Designer Patrice Bevans answers our kitchen style and storage questions! Be sure to check out her upcoming story in our August issue.
1. What are your favorite kitchen storage tricks?
Hiding items in plain site is one trick. I like creatively displaying items that are used on a daily basis so that they are easy to reach. For instance, keeping oils, vinegars, spices, and even wine for cooking on a pretty tray next to the stove makes cooking more efficient. If space allows and the tray is large enough, I nestle a container of highly used tools on the tray as well. If displayed properly and kept tidy, this looks handsome in a working kitchen. Or, for people who have a large collection of platters or baskets for serving, hanging these on walls or displaying in open shelving in a well-styled way gives a kitchen a greater sense of efficiency and a warm, inviting look. The space above a fridge is a great spot for this. Open it up and make a wonderful display space for baskets and serving pieces. It adds a lot of personality to a kitchen while providing much-needed storage space.
2. What are some easy ways to incorporate color?
A fun way to introduce some color and visual interest is to hang dinner-size plates in bright colors on the wall along the backsplash area between the countertops and the upper cabinets. This adds some fun texture on an otherwise overlooked area of the kitchen. Hang the plates close to one another and really create some visual rhythm. I prefer solid colored plates for maximum impact.
3. What are some easy kitchen updates that you’d recommend?
Try glass fronts on a few cupboards and create a display area for dishes or glassware. You can even remove the cabinet doors all together, finish the interiors by patching the holes from the hinges and shelf brackets, then paint a complementary color to the rest of the kitchen. This creates an open storage niche or an open place for cookbooks.
If you have a sink that does not have the advantage of being placed under a window, you can place a mirror above the sink where the window would be. The mirror should be generously sized spanning from close to countertop to underneath the upper cabinets (if you have some there). The mirror will brighten up the space and add a little animation to a usually hard-to-decorate space. The same trick works over a stove in place of a traditional backsplash; just be prepared to clean it often! I have found some good mirrors for this sort of application from Ballard Designs.

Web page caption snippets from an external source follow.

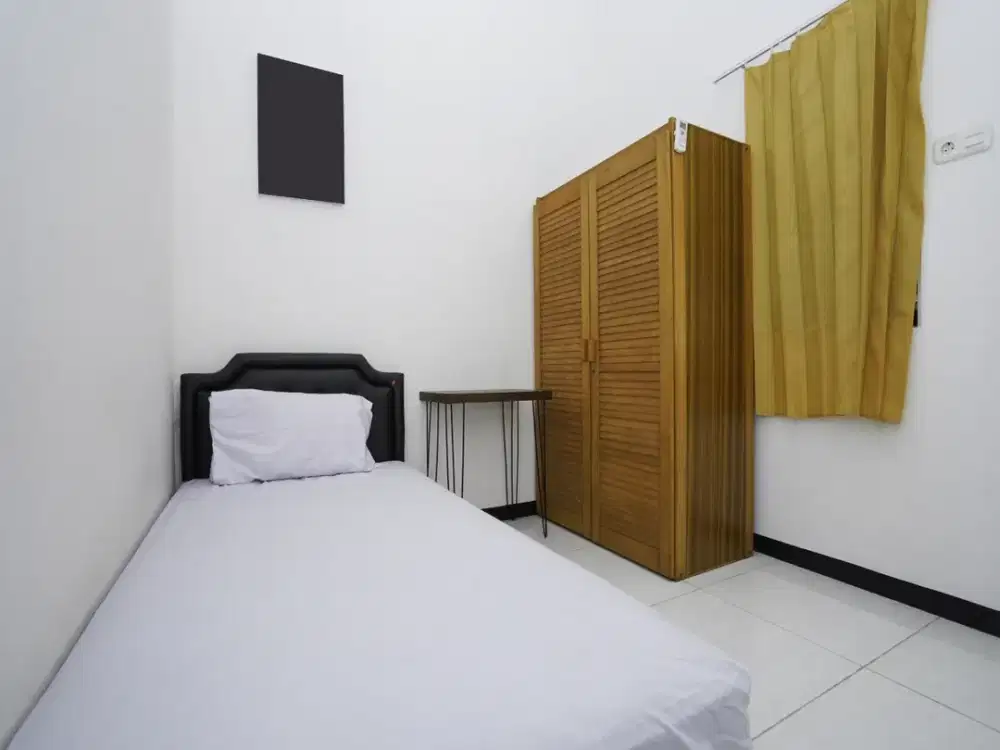 Kost Gubeng Kertajaya V – Putri Single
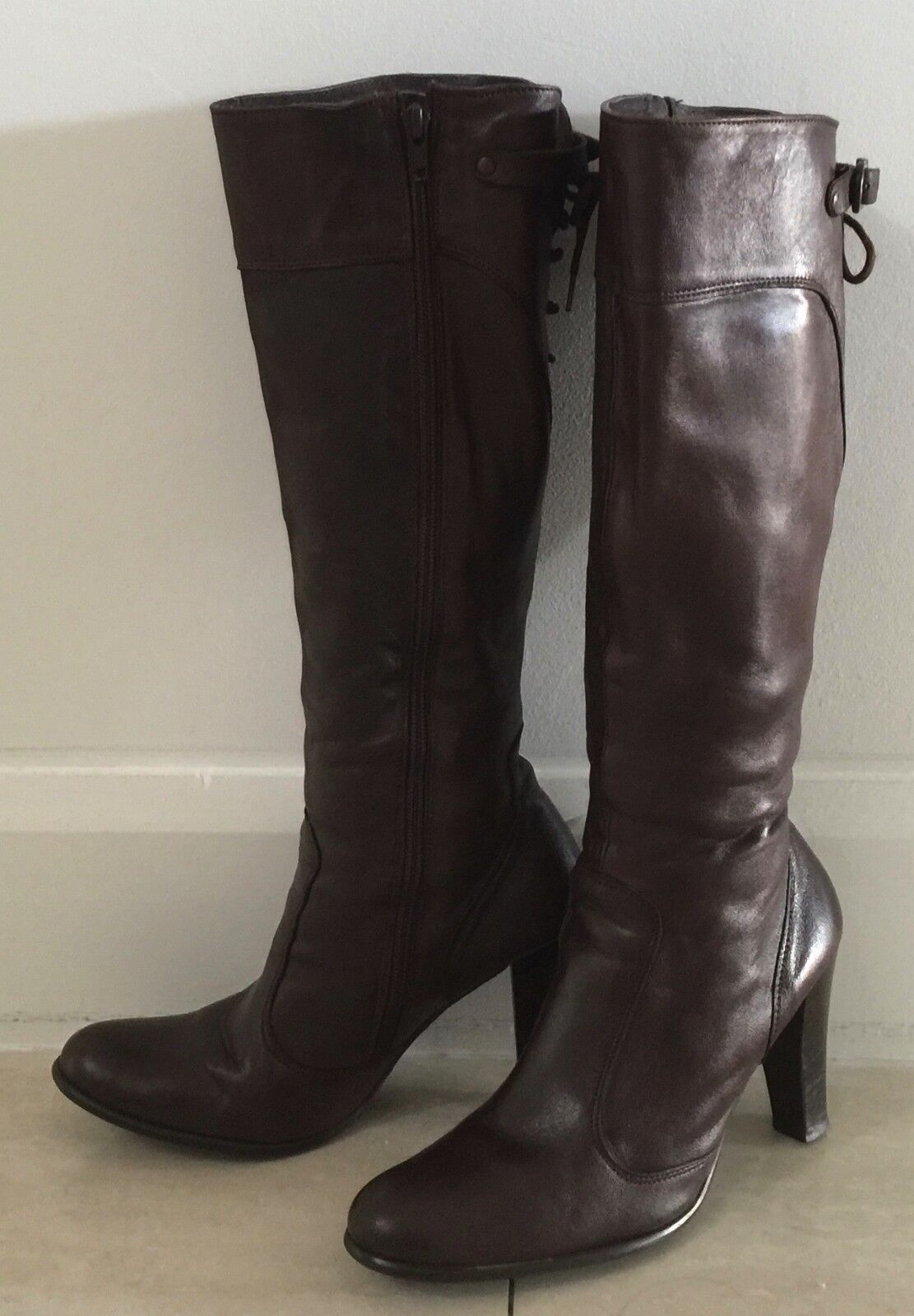 TORRETTI Boots Brown Leather Long Knee High Size 39 w Lace Up Back Ab Fab Ladies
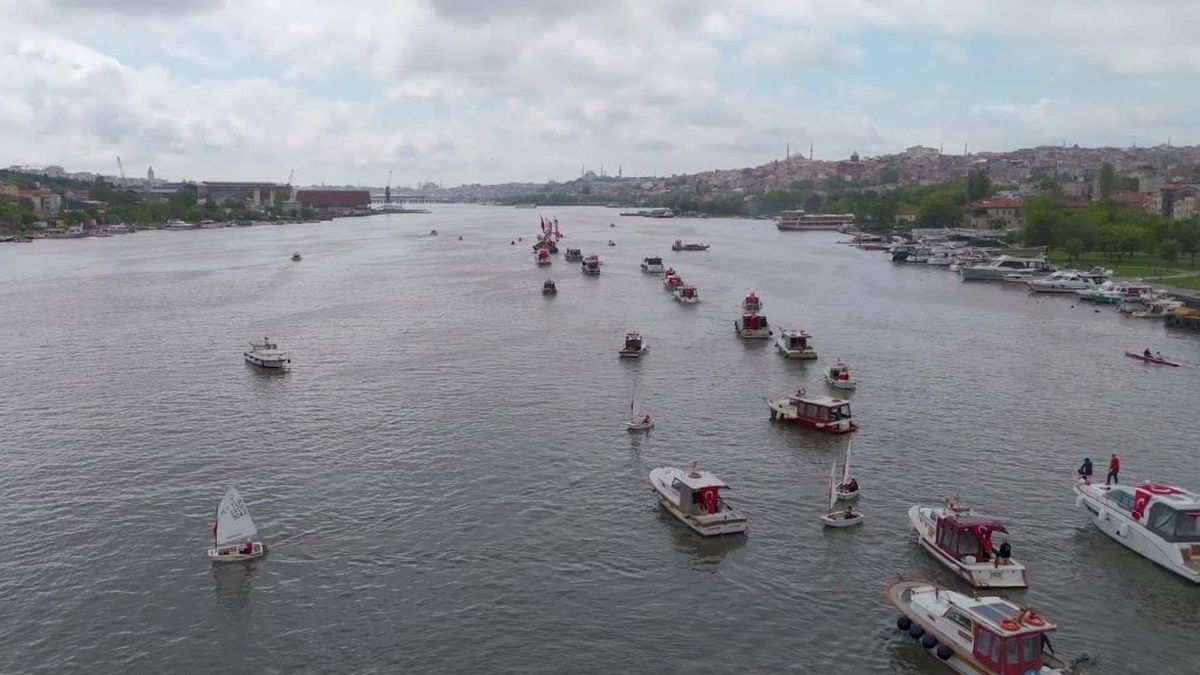 Beyoğlu Belediyesi'nden 19 Mayıs Deniz Korteji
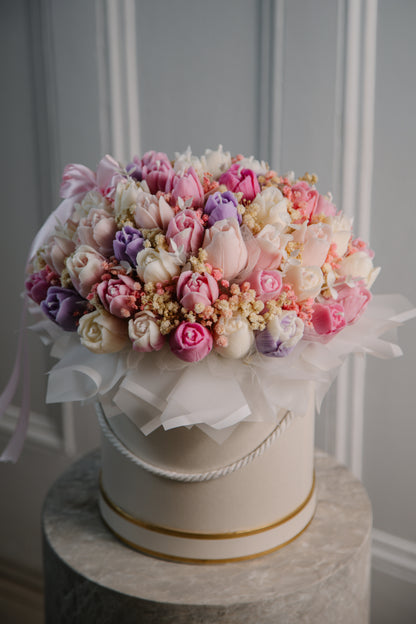 Tulip Candle Bouquet – Luxury Soy Wax Flower Gift (20, 35 or 50 Candles)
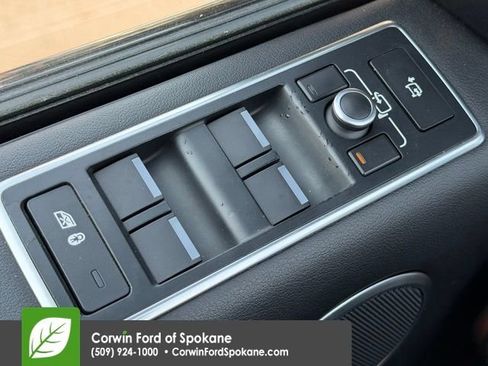 Used 2017 Land Rover Range Rover Supercharged AWD/4WD image 23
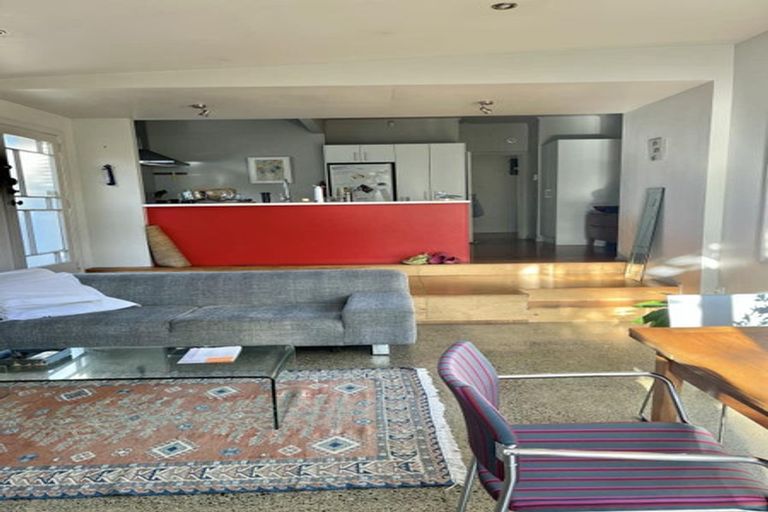 Photo of property in 89 Walmer Road, Point Chevalier, Auckland, 1022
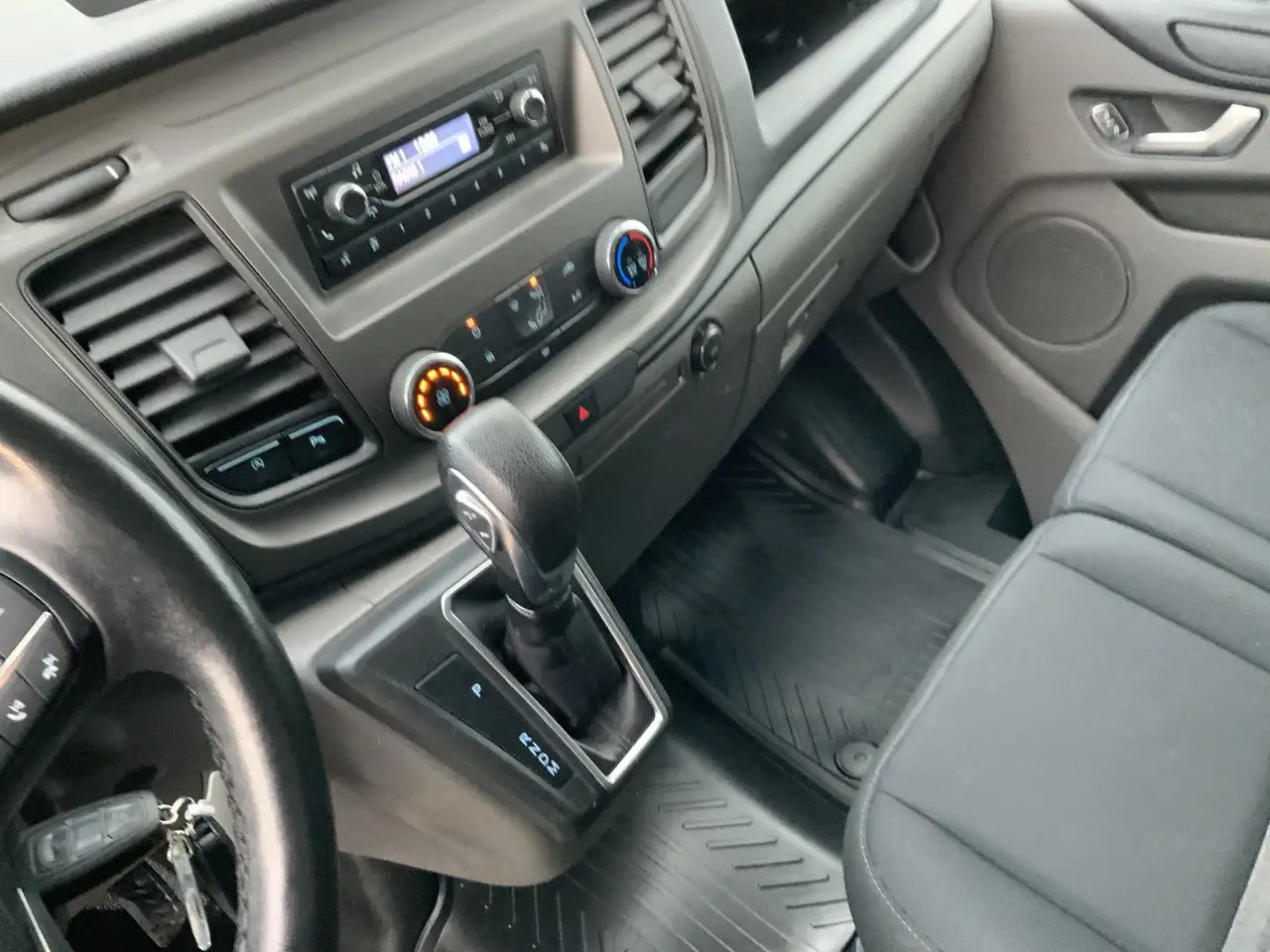 Ford Transit Custom 280 2.0 TDCI L1H1 Automaat Dub Schuifdeur Side Bar - Цельнометаллический фургон: фото 5 Ford Transit Custom 280 2.0 TDCI L1H1 Automaat Dub Schuifdeur Side Bar - Цельнометаллический фургон: фото 5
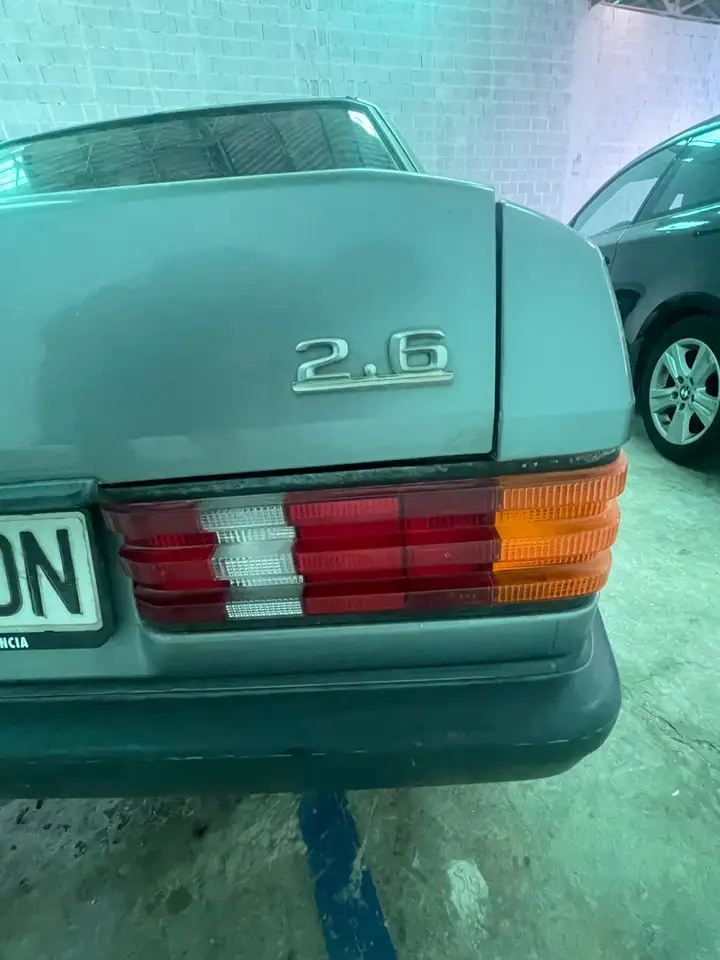 Mercedes-Benz 190E 2.6, foto 4
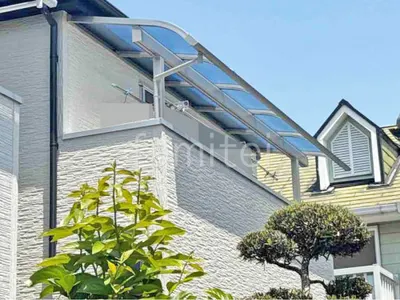２階ベランダ屋根  YKKAP ソラリアR アール屋根 スタンダード 壁付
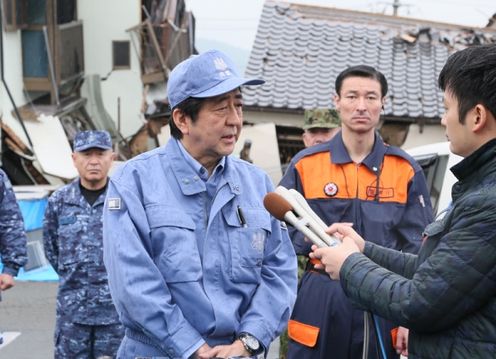 安倍总理为了视察熊本地震造成灾害状况，访问了熊本县。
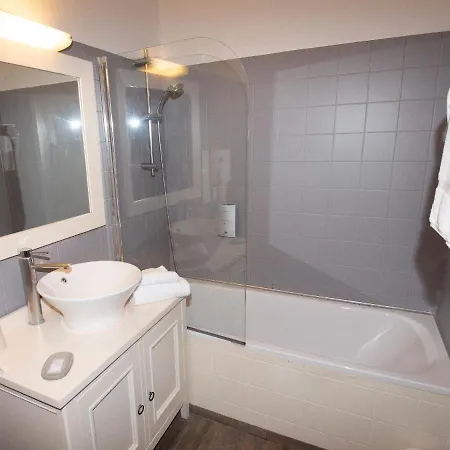 Cit'hotel Les Eleis מלון
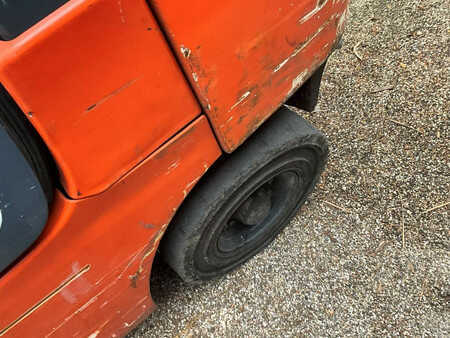 Gasoltruck 2001  Toyota 42-7FGF25 (8)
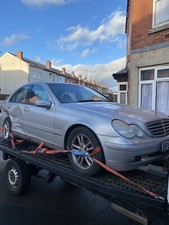 Breaking mercedes w203 class - w203, c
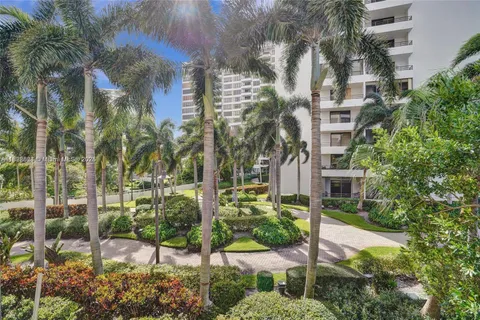 2500 Parkview Dr # 607, Hallandale Beach FL 33009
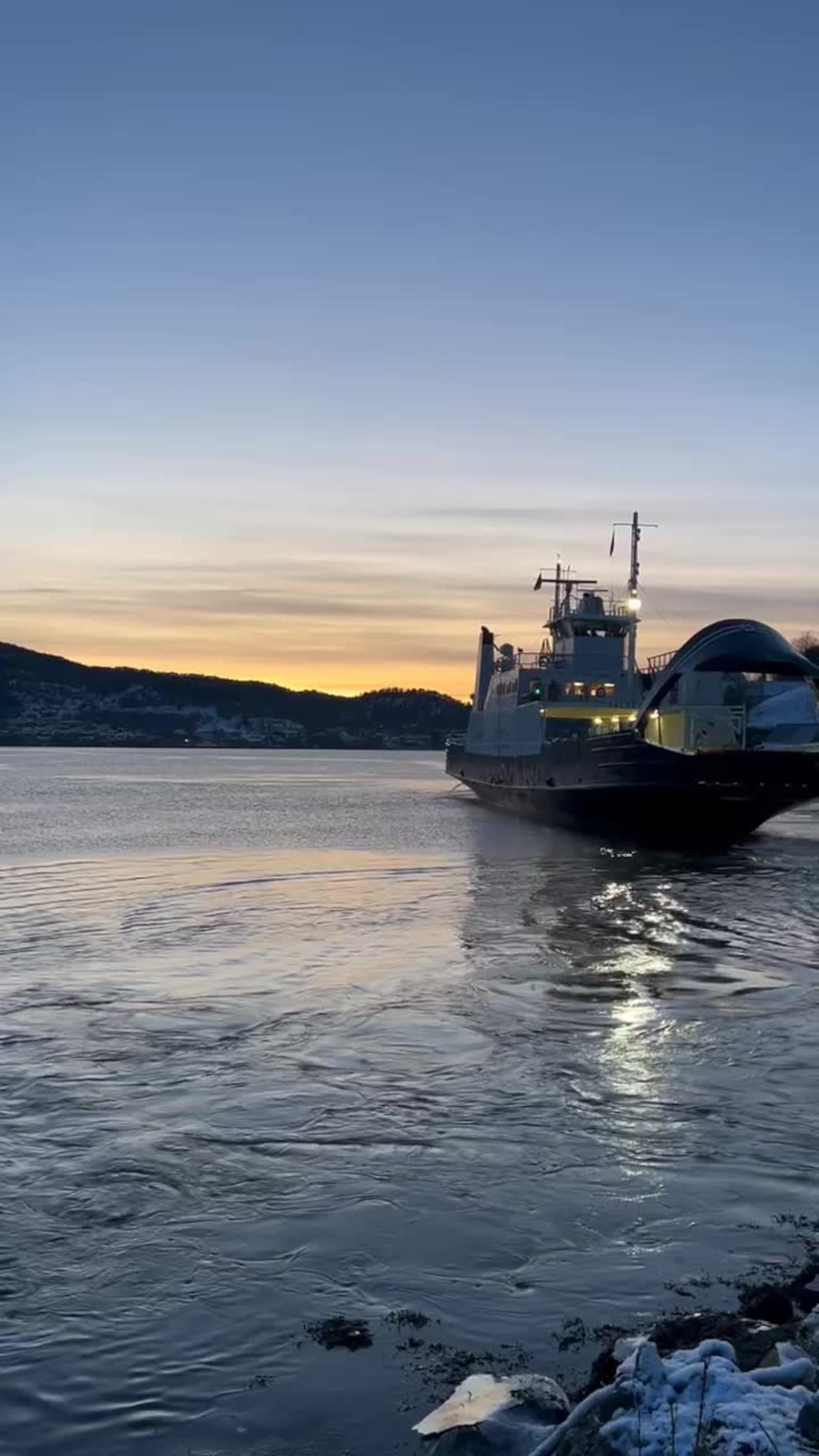 MF Solskjen på fjorden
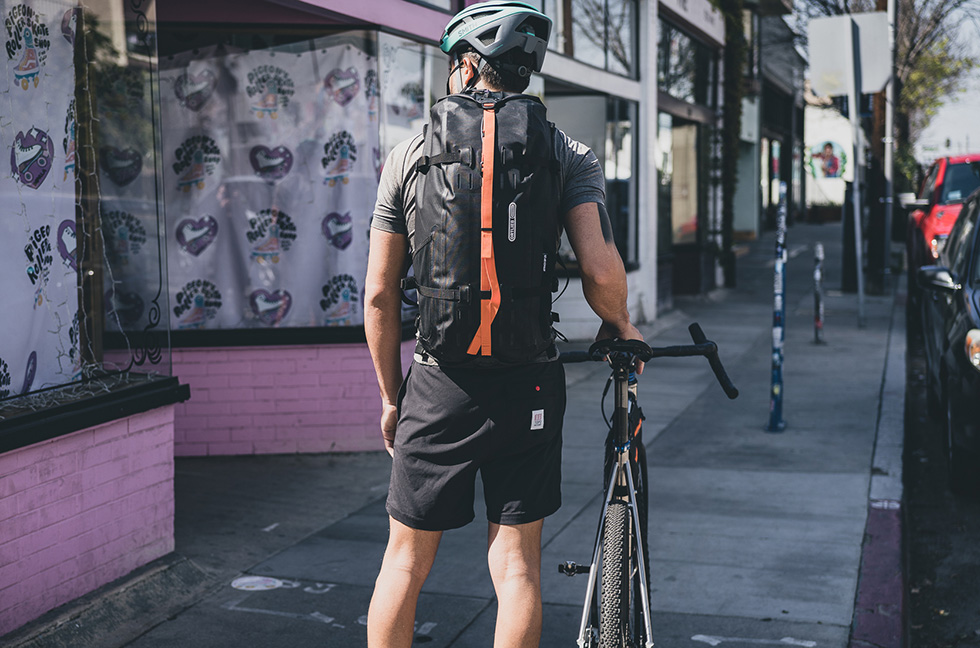 Bike commuting backpacks: Ortlieb Atrack BP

4. When would a cozy banquette work in a kitchen?
There are two spaces in a kitchen where I like to place built-in banquettes. A banquette built into a corner can add two or three extra places to sit when space is tight whereas trying to squeeze a few extra chairs around a table in a small space makes the corner crowded and hard to navigate. A chair can only be pushed so far into a corner and only allows one place to sit, but a banquette built into a corner provides seating for at least two and sometimes three people depending on who you are seating (adults vs. children). I love building in a bench or a long hall such as a “through-way” to a back door.
5. There are many choices of tile (and cabinet hardware!) How do you recommend zeroing in on the best options?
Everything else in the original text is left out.